After all this, I still needed to see the actual alignment penalty without cache effects getting in the way. So I re-ran the benchmarks with just 100 elements, small enough to fit entirely within L1 cache. 2
x86-64 (AMD Ryzen 7 8745HS)
Test Aligned (ms) Misaligned (ms) Difference
-----------------------------------------------------------------
Sequential Read 2.37 2.45 +3.3%
Random Read 3.33 3.70 +11.3%
Sequential Write 1.52 1.93 +26.7%
Read-Modify-Write 2.07 2.11 +2.0%
ARM64 (Apple M1 Pro)
Test Aligned (ms) Misaligned (ms) Difference
-----------------------------------------------------------------
Sequential Read 9.80 9.76 -0.4%
Random Read 20.82 20.81 -0.1%
Sequential Write 1.59 1.66 +5.0%
Read-Modify-Write 1.94 3.54 +82.7%
These results are exactly what we expected to see. With a small array of 100 elements that fits within L1 cache, we finally observe the alignment penalties that theory predicts. The misaligned packed struct shows consistent slowdowns ranging from 2% to 82%, demonstrating the real computational cost of accessing data that doesn’t sit on natural memory boundaries.

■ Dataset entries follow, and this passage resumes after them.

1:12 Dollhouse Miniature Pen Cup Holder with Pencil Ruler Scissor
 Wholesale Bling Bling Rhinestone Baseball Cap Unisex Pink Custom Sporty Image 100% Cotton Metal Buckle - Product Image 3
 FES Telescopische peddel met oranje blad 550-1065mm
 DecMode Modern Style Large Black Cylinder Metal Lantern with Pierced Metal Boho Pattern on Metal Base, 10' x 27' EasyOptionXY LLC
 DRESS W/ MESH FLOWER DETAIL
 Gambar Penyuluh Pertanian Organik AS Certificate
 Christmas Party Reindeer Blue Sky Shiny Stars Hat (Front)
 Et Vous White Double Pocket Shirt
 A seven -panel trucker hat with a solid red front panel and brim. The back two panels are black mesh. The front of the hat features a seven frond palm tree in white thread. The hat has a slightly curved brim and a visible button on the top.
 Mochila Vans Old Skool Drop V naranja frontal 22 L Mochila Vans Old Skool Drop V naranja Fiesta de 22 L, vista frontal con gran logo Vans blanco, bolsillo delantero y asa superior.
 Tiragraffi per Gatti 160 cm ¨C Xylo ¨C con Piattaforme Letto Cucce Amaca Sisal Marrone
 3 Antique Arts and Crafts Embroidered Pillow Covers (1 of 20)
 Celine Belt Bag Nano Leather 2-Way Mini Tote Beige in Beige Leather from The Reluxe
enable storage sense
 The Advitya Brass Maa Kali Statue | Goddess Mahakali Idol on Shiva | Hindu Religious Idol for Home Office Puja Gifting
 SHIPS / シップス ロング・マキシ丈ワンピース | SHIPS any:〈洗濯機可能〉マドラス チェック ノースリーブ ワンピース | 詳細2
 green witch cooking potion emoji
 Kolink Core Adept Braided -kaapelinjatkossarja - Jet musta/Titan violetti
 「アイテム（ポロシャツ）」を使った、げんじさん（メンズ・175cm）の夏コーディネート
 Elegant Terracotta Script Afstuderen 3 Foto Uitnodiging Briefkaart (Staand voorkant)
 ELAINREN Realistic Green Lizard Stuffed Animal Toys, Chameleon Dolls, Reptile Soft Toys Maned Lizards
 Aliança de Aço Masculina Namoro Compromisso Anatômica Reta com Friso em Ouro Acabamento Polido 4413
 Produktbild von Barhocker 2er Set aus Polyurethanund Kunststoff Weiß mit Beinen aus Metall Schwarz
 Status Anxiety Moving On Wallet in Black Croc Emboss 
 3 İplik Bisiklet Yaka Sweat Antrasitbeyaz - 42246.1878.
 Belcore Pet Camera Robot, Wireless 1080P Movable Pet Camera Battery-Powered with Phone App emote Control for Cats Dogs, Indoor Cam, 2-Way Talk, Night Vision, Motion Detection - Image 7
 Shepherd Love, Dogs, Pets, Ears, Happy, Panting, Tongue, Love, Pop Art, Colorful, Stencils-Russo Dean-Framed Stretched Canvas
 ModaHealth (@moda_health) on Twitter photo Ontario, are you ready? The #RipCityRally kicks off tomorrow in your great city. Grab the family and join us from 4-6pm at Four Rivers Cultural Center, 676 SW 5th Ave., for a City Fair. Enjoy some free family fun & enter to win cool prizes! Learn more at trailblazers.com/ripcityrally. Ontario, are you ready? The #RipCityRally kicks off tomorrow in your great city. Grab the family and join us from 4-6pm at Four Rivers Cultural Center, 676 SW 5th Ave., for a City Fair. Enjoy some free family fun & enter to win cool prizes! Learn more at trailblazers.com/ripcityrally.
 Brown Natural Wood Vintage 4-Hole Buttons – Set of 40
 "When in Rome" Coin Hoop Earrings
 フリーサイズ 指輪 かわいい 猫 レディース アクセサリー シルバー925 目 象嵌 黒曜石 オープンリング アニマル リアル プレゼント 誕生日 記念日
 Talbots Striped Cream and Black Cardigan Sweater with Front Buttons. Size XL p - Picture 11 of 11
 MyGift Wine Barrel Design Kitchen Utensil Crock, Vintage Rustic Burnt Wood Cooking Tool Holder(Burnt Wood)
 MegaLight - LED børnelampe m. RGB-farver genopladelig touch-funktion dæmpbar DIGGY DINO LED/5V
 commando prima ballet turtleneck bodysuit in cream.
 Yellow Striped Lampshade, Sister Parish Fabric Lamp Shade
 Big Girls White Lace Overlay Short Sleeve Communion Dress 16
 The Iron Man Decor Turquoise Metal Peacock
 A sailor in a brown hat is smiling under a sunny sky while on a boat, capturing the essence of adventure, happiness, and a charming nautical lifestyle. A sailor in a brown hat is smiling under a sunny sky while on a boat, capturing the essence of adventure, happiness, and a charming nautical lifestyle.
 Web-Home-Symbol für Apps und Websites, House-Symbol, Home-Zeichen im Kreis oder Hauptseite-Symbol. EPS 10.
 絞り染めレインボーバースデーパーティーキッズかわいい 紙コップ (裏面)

The small dataset isolates the true alignment penalty from cache effects. This is the benchmark that confirms what everyone says about alignment—when cache isn’t a factor, misaligned access is indeed slower.
What I Learned
I started this to prove I understood something “everyone knows”. Instead, I got to see how different effects interact in practice.
The alignment penalties are real, I saw them clearly with small datasets that fit in L1 cache. But in my benchmarks with larger arrays, something else happened. The packed struct’s 54% smaller memory footprint meant better cache utilization, and that advantage outweighed the misalignment cost. The “slower” approach became 8-9% faster.
This wasn’t about the textbooks being wrong. It was about understanding that performance is about trade-offs, not rules. Alignment matters. Cache efficiency matters. Which one dominates depends on your specific workload, data size, and access patterns.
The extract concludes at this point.